Enfin, souvenez-vous que la quantité d’objets pouvant être transportés est limitée… Les joueurs ont cependant l’option de laisser tomber tout ce dont ils ne veulent pas, ou même de stocker des objets dans des cachettes personnelles dans les refuges. Aussi, la plupart des objets que les joueurs portent finiront souvent par se briser après un certain nombre d’utilisations, l’artisanat est donc essentiel pour la survie. Il faut alors aux joueurs être efficaces et réfléchis dans leurs choix et leurs actions.

En conclusion :

We Happy Few est un jeu que j’aime beaucoup et j’attends avec impatience sa sortie finale et complète. Les développeurs ont réellement pris leur temps sur ce jeu, mais je ne dis pas ça de façon négative, puisqu’il est clair qu’ils sont restés à l’écoute de leur « communauté », leur demandant constamment des feedbacks et répondant aux demandes.

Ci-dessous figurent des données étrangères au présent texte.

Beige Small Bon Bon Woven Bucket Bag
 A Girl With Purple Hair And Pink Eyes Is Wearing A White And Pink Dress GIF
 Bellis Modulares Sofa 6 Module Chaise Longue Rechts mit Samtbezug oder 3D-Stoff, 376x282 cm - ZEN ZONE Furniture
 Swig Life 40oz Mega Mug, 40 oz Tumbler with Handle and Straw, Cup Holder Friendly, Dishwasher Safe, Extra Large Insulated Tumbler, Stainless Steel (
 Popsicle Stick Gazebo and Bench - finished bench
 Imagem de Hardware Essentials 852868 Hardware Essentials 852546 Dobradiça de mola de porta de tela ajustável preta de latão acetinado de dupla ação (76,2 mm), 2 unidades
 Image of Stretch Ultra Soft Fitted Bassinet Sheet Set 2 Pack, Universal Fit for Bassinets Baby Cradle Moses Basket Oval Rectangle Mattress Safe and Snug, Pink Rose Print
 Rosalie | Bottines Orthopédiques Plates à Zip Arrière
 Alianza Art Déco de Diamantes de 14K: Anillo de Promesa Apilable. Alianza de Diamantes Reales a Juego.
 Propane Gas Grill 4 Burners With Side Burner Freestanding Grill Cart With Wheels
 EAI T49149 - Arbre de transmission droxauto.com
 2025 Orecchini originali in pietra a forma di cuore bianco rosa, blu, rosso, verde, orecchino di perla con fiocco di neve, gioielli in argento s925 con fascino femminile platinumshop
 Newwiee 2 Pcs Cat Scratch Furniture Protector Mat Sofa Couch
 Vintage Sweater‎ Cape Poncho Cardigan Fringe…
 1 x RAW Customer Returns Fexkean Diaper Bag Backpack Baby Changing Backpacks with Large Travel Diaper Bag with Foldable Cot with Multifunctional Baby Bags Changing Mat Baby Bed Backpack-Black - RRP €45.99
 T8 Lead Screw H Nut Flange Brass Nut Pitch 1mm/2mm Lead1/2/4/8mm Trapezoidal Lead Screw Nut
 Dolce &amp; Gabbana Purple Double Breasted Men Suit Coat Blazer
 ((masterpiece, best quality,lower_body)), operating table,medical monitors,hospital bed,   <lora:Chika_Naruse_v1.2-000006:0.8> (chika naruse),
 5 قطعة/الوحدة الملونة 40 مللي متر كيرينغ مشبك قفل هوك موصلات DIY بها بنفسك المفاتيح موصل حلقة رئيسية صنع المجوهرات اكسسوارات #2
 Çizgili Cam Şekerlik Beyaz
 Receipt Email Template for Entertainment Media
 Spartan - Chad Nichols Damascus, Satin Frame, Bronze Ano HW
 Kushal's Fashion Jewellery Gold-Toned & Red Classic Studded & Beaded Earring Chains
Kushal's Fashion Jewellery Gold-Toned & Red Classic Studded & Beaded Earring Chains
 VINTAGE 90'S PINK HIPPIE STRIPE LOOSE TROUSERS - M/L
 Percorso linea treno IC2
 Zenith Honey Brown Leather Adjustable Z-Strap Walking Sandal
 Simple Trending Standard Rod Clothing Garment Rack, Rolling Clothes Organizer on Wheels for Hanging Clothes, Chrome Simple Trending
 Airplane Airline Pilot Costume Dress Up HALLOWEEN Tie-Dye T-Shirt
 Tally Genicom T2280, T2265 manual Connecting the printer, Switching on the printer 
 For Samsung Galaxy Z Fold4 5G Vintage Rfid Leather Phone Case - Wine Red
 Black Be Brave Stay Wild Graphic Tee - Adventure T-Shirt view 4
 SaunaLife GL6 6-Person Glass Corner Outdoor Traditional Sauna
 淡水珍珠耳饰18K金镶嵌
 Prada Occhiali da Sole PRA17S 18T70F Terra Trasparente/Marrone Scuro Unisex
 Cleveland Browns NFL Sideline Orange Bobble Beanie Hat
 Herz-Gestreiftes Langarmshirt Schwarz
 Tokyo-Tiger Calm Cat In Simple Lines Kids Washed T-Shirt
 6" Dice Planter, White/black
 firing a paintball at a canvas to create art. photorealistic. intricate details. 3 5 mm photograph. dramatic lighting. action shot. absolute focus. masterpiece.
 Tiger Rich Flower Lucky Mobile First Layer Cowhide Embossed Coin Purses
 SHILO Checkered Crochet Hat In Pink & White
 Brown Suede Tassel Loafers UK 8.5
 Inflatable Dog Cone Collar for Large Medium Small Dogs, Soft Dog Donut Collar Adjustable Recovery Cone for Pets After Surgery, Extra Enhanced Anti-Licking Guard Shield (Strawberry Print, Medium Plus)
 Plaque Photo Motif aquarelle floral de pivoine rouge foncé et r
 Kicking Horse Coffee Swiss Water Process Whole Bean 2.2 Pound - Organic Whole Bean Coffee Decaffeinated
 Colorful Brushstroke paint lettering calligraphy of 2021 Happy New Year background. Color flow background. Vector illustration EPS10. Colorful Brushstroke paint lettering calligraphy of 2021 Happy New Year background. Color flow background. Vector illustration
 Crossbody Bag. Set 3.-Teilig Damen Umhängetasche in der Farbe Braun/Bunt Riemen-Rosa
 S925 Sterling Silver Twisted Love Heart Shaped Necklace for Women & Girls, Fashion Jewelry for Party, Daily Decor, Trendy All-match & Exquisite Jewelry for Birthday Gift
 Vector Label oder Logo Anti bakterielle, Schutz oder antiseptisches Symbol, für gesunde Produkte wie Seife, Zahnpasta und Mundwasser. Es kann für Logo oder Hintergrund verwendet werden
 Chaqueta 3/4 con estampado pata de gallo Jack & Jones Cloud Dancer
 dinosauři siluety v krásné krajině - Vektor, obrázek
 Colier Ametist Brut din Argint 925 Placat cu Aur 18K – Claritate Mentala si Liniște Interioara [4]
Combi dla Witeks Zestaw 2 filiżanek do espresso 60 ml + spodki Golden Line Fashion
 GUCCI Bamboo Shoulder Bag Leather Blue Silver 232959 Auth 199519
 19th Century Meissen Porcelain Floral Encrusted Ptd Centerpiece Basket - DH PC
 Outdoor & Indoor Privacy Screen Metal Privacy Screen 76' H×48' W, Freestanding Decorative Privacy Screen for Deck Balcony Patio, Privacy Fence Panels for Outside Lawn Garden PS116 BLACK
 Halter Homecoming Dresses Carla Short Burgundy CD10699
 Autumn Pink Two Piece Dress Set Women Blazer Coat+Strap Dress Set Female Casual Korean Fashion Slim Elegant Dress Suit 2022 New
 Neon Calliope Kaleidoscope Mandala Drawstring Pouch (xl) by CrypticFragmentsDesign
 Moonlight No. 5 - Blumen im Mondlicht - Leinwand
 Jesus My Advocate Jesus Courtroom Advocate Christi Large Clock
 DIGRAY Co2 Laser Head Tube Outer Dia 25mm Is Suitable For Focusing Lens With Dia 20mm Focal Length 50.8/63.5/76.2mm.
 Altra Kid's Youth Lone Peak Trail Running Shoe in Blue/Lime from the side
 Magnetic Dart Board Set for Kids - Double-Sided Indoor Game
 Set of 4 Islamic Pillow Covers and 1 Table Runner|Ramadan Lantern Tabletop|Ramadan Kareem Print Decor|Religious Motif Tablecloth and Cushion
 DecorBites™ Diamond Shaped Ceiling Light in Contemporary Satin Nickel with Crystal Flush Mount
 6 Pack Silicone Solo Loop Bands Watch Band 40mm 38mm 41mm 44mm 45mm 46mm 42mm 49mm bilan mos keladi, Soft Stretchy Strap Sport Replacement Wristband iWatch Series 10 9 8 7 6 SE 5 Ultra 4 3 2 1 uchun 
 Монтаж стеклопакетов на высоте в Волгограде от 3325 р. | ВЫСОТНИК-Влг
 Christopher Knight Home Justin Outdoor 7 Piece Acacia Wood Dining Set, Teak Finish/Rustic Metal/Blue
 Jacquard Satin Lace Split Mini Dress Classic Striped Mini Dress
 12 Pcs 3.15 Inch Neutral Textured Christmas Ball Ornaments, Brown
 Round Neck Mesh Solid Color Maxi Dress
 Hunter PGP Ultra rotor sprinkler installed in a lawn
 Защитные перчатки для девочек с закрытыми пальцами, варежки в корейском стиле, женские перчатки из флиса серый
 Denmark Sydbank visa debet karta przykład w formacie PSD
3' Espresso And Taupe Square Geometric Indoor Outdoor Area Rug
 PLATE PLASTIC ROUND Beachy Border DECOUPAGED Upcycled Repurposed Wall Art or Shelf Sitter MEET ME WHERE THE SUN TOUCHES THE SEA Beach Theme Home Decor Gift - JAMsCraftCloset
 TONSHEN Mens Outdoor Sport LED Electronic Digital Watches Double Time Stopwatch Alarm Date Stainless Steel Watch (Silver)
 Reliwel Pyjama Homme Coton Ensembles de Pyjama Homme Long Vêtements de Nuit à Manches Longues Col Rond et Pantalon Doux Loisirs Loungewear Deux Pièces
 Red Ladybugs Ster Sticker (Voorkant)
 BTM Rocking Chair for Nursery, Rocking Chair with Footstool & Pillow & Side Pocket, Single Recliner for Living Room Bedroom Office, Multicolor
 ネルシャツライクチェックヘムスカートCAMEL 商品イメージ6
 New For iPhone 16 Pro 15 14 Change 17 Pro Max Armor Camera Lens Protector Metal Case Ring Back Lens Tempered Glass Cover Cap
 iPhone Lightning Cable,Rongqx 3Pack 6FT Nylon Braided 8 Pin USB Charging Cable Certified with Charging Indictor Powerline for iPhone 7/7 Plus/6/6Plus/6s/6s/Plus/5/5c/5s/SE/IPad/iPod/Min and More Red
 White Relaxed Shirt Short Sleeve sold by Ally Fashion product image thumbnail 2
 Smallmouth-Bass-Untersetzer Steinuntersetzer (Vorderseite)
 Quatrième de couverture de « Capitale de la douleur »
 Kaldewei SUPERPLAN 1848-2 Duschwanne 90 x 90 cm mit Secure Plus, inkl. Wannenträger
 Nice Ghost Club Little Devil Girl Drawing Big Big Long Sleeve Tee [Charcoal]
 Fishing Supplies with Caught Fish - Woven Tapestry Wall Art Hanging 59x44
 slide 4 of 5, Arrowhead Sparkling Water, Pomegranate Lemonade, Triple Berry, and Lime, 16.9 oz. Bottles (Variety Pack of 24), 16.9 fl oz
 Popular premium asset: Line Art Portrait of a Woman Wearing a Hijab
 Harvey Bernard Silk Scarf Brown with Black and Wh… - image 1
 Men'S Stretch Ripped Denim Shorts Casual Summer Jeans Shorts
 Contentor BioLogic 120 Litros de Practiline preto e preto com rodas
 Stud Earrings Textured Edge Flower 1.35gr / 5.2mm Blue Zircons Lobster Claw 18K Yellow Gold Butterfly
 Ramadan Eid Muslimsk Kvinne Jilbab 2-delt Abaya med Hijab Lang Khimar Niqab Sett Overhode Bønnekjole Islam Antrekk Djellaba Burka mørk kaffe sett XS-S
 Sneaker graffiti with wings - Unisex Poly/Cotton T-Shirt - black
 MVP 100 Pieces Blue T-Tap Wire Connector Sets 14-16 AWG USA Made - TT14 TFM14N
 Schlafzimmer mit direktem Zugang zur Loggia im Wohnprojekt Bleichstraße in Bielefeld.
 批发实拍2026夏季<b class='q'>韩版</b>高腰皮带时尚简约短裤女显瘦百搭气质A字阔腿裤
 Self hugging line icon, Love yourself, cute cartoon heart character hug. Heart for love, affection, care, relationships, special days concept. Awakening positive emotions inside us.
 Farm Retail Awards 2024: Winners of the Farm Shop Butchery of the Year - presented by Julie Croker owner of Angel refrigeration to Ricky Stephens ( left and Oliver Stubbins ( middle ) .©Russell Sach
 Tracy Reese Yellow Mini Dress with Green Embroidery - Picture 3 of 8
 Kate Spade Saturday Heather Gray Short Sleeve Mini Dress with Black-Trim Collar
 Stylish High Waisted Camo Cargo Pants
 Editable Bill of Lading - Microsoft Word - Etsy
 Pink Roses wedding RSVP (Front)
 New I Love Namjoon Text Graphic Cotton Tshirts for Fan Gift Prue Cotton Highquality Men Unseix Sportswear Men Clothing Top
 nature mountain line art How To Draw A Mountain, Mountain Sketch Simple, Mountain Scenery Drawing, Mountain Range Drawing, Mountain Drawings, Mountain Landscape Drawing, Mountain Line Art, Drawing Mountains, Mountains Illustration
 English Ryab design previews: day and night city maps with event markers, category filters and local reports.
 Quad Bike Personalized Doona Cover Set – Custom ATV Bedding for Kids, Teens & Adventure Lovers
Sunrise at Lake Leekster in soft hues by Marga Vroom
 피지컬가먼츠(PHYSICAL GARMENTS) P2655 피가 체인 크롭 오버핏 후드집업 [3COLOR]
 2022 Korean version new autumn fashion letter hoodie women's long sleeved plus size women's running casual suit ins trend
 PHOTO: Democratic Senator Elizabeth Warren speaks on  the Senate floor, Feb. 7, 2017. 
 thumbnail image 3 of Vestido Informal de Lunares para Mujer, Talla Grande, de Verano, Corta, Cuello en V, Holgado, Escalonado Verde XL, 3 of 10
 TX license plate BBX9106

On ressent beaucoup de passion dans ce jeu qui, à mon humble opinion et feeling, a été créé avec amour et non pas avec l’argent pour but ultime, et ce, même après que le prix de We Happy Few ait augmenté (les développeurs avaient dit dès le départ que les prix allaient croître). Je le recommande vivement à tous les fans de rpg, de survie, de puzzle ou encore de graphismes esthétiques, car il s’agit là d’un jeu où vous pourrez facilement passer des heures à explorer !

We happy Few

À propos de l'auteur

Raphypie
Raphypie
Mon livre préféré ? 1984. Mon film préféré ? Cloud Atlas. Mes séries préférées ? Black Mirror et MR Robot. Dois-je vous en dire plus ?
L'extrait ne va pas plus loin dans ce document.